Berladang tak hanya untuk memenuhi kebutuhan pangan, juga melestarikan ikatan spiritual ritual petani dengan tanah dan leluhurnya. Saat berladang, ‘jiwa-jiwa’ padi ditimang, dihormati, dan didoakan kepada Sang Pencipta agar tumbuh subur dan menghasilkan. Padi memiliki jiwa yang wajib dihormati.
Kata Giring, personifikasi padi sebagai entitas berjiwa menimbulkan sikap penghormatan tertentu orang-orang Dayak. Sebagai contoh, berlaku larangan bersiul ketika melewati atau memasuki ladang yang sudah ditumbuhi padi.

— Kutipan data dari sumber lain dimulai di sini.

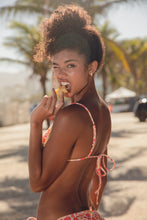 Laden Sie das Bild in den Galerie-Viewer, Image 15: Rio De Sol Oberteil Top Ditsy-Butter Lia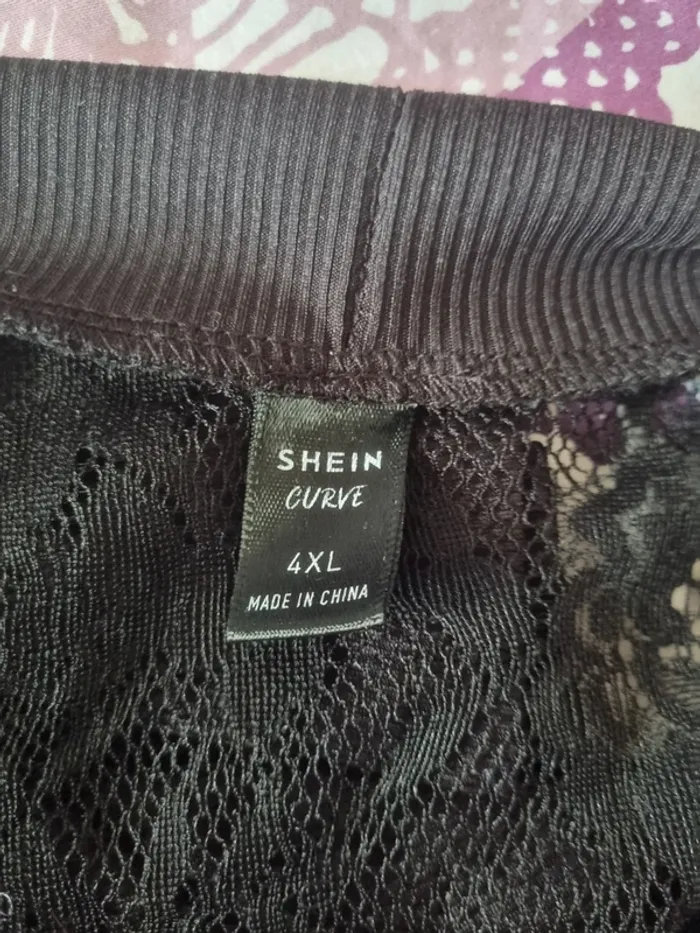 Très joli gilet SHEIN - photo numéro 6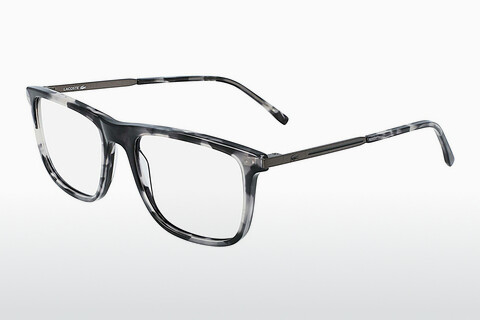 Дизайнерские  очки Lacoste L2871 219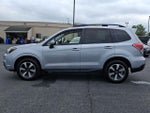 2017 Forester Thumbnail 4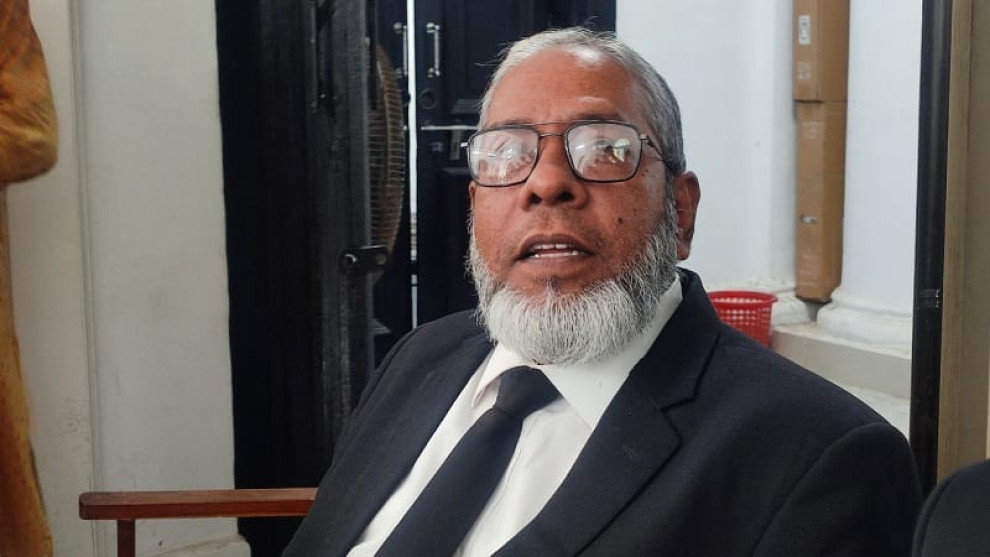 আওয়ামী লীগের ১৫ বছরের আমলে কোনো দুঃশাসন ছিল না: শেখ হাসিনার আইনজীবী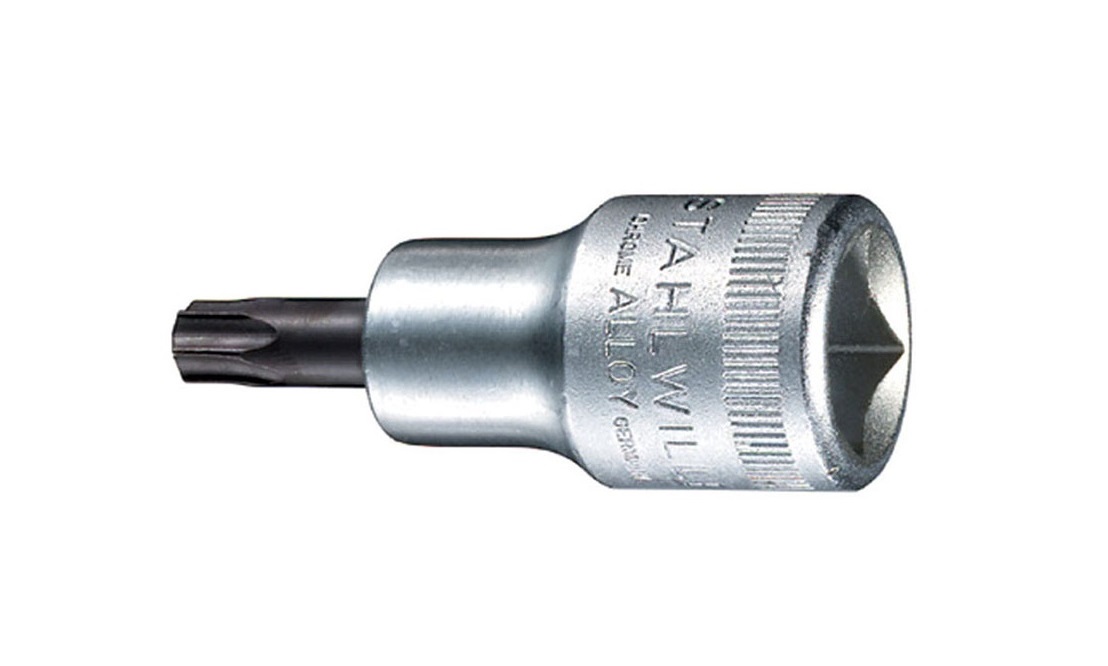 54TX T60, Отверточная насадка TORX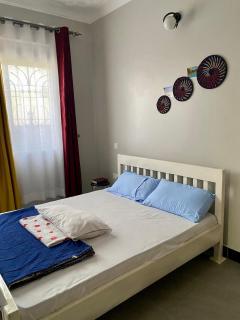 O N Residences - Kampala - 6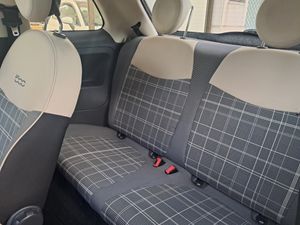 Fiat 500 1.2 8v 51kW (69CV) Lounge  - Foto 10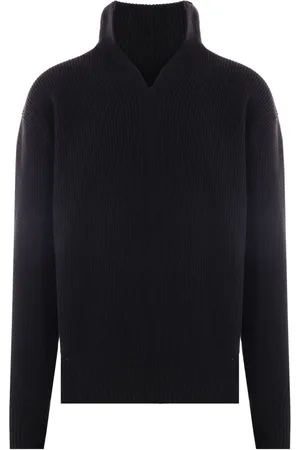 Rick Owens Maglione a collo alto
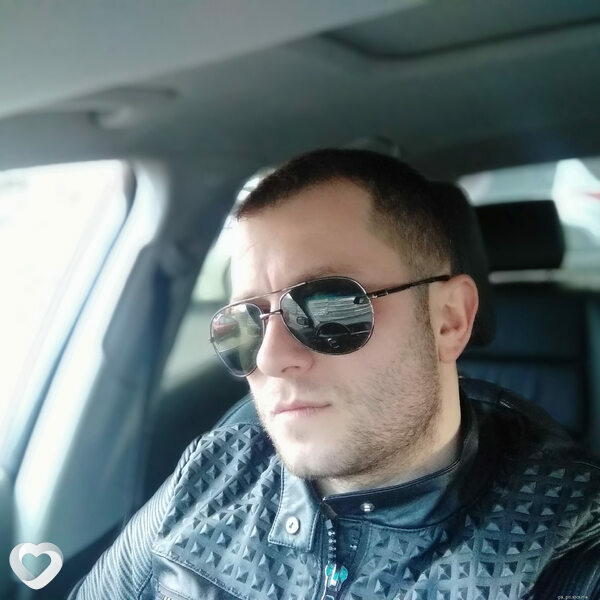 Роман, 34, Донецке — анкета №161463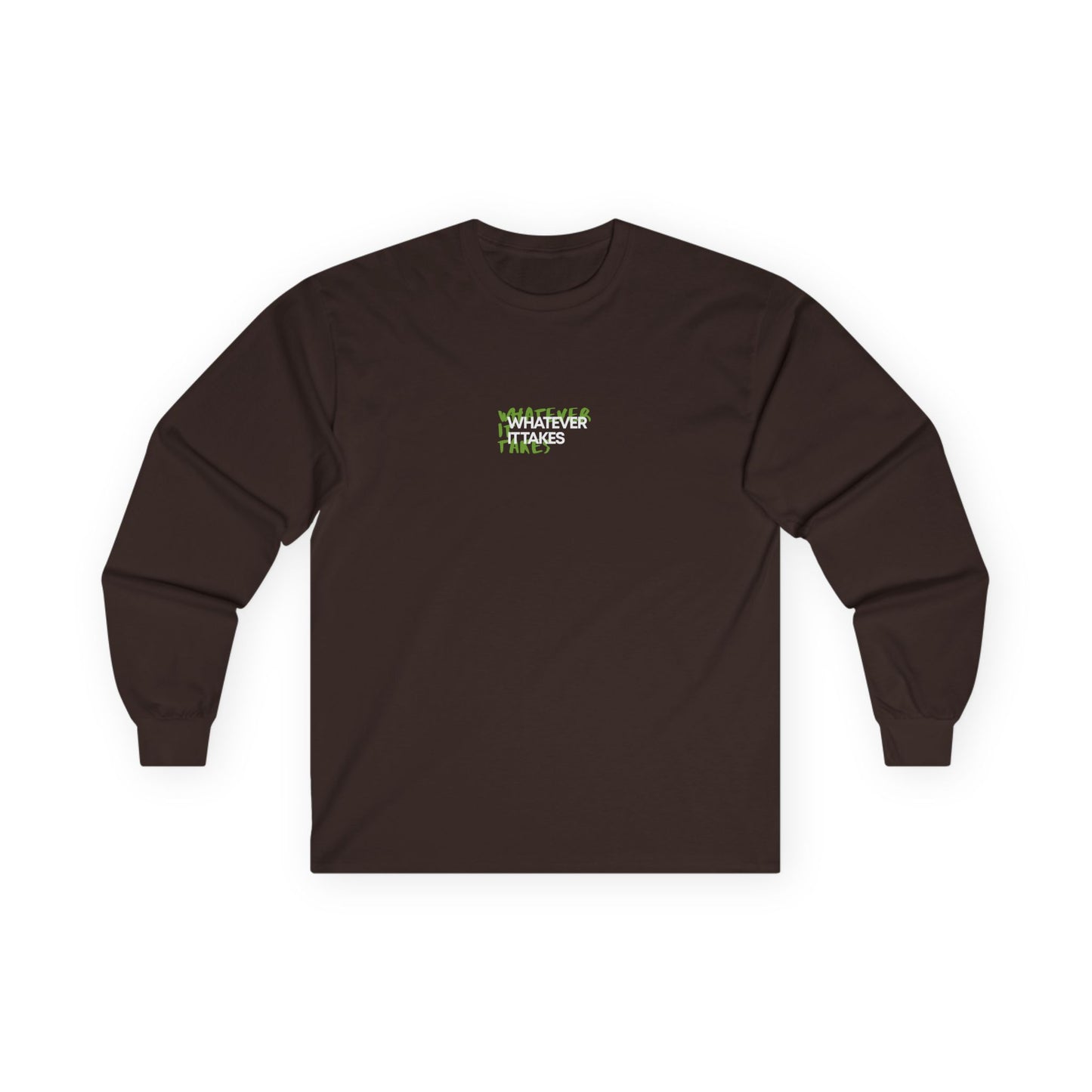 AMP X Long Sleeve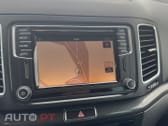 Seat Alhambra 2.0 TDI Style DSG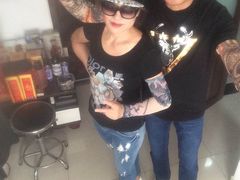 -水晶之星洗浴温泉汗蒸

Apalagi jika padinya menguning. “Bersiul atau berteriak-teriak dipercayai akan mengusik jiwa padi dalam bahasa Bakatik,” lanjutnya.
Berladang bagi masyarakat Dayak adalah praktik bercocok tanam dengan kearifan lokal, berdasarkan adat istiadat dan hukumnya dengan aneka benih lokal. Berladang berdasarkan kearifan lokal merupakan upaya melestarikan keanekaragaman hayati. Di ladang, masyarakat Dayak menanam aneka benih lokal seperti jenis-jenis padi, mentimun, palawija, labu, dan sayuran.